— Exercise —
The answer must consist of every line in the records below that contains the string "isolated".
##### Records to use
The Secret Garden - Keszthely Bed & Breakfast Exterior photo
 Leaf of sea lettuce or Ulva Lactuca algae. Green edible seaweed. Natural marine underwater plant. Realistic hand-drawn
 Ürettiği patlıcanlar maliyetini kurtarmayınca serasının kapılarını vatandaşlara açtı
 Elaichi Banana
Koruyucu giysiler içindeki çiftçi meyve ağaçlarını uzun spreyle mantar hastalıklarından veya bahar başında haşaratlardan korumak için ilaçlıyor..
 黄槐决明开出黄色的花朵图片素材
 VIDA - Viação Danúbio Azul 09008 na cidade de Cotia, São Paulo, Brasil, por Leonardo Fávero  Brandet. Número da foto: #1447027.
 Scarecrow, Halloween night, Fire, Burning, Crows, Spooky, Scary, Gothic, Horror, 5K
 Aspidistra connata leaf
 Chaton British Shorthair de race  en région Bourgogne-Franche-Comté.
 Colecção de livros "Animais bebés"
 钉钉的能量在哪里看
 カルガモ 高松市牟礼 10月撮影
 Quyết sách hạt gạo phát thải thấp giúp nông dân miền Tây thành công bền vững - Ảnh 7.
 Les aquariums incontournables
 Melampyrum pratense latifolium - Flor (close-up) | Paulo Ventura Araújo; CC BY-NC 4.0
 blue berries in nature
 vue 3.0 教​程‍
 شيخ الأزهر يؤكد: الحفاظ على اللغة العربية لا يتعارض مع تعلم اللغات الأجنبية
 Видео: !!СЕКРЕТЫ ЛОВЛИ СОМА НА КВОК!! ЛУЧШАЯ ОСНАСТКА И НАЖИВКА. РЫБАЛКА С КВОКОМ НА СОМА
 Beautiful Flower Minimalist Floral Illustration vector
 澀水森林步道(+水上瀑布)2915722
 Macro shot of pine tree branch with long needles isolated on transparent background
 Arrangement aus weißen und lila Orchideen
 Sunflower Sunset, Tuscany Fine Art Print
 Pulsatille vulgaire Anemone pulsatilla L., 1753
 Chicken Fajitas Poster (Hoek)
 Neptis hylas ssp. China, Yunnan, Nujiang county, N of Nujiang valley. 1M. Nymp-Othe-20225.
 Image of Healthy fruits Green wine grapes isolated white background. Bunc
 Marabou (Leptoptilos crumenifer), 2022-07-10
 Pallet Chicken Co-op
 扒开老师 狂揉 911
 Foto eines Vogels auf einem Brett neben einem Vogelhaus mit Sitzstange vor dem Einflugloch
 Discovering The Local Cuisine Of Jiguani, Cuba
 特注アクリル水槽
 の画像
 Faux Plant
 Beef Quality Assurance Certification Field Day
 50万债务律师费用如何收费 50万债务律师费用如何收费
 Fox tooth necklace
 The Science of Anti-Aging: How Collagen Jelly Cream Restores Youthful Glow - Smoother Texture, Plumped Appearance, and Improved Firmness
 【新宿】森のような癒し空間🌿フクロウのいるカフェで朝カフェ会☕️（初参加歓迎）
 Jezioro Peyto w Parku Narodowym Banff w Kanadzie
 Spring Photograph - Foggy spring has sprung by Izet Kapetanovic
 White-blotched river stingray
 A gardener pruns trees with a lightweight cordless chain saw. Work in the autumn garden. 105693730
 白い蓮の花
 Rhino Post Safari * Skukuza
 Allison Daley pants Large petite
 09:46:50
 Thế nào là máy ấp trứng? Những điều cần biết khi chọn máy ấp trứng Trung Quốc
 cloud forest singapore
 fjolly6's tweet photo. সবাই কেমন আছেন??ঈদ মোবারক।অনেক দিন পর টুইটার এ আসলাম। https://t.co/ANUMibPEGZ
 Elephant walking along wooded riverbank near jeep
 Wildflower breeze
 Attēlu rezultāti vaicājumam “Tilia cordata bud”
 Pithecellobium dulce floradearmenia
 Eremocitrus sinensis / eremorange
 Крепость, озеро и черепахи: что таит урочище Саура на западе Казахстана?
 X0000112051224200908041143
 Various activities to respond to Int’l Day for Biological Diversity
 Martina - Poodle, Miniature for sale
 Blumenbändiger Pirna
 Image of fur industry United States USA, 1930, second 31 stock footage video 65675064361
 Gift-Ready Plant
##########
— Exercise output —
 Macro shot of pine tree branch with long needles isolated on transparent background
 Image of Healthy fruits Green wine grapes isolated white background. Bunc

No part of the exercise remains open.